- **PROBLEM DETAILS**
Give the data below again exactly, and drop each picture from it.

- **SOURCE MATERIAL**
::::::::::

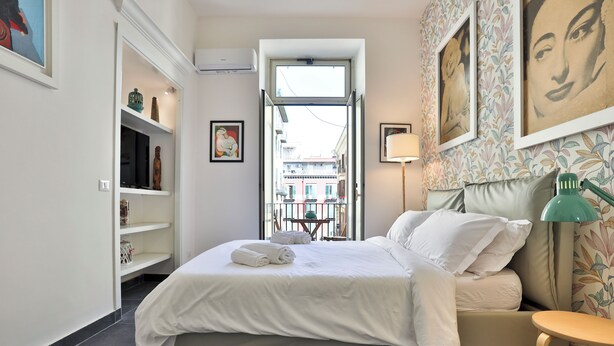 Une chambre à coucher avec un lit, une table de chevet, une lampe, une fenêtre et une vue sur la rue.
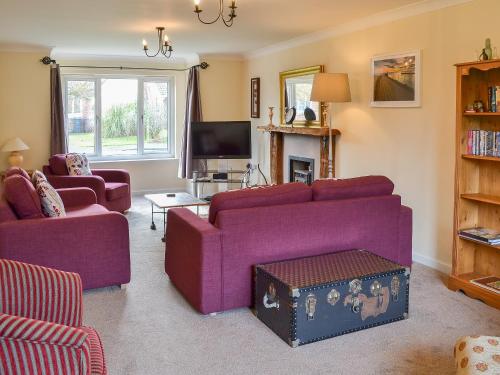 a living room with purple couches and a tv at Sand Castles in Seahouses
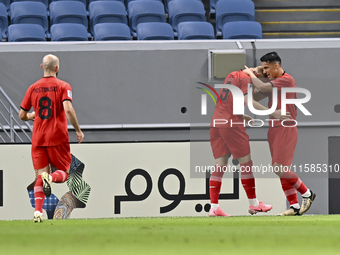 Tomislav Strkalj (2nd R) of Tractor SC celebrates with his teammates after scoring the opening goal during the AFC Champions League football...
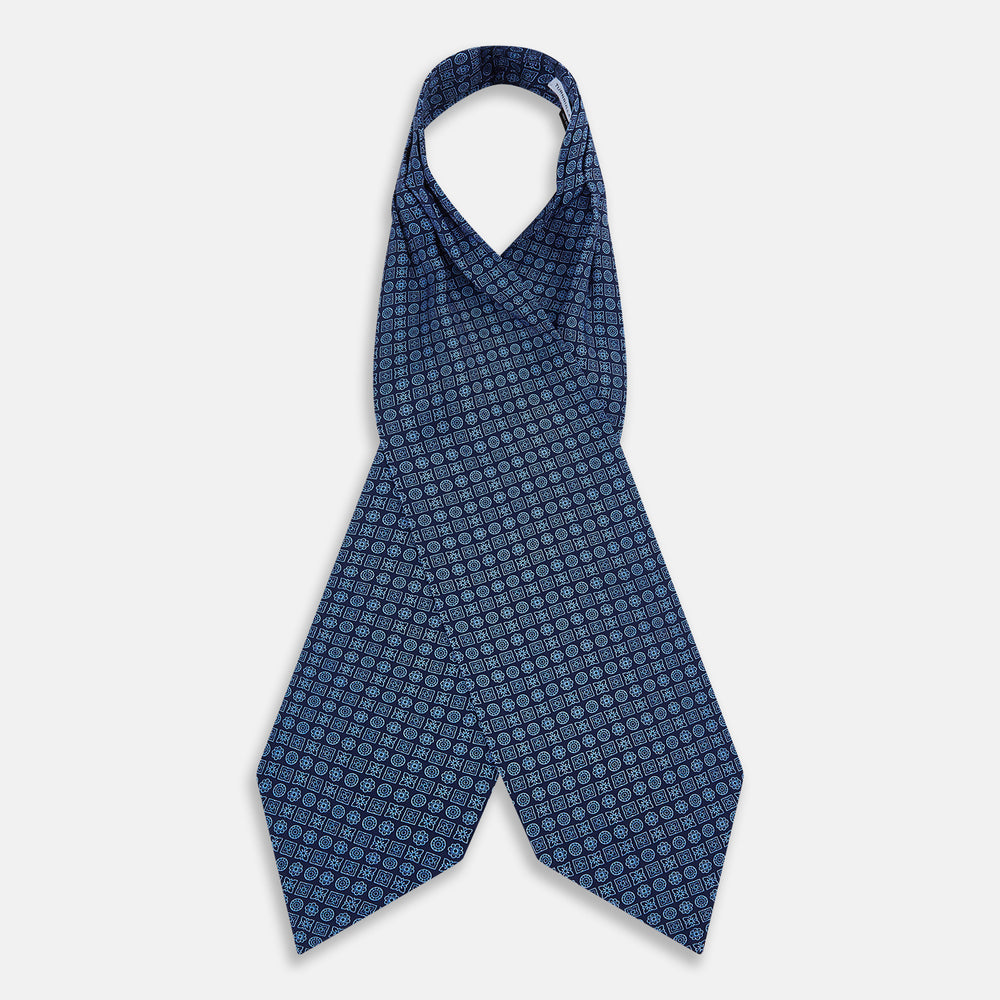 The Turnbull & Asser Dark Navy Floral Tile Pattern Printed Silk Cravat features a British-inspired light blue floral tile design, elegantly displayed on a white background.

::::::::::

- **EXPECTED OUTPUT**
 Une chambre à coucher avec un lit, une table de chevet, une lampe, une fenêtre et une vue sur la rue.
 a living room with purple couches and a tv at Sand Castles in Seahouses
 Tomislav Strkalj (2nd R) of Tractor SC celebrates with his teammates after scoring the opening goal during the AFC Champions League football...
 The Turnbull & Asser Dark Navy Floral Tile Pattern Printed Silk Cravat features a British-inspired light blue floral tile design, elegantly displayed on a white background.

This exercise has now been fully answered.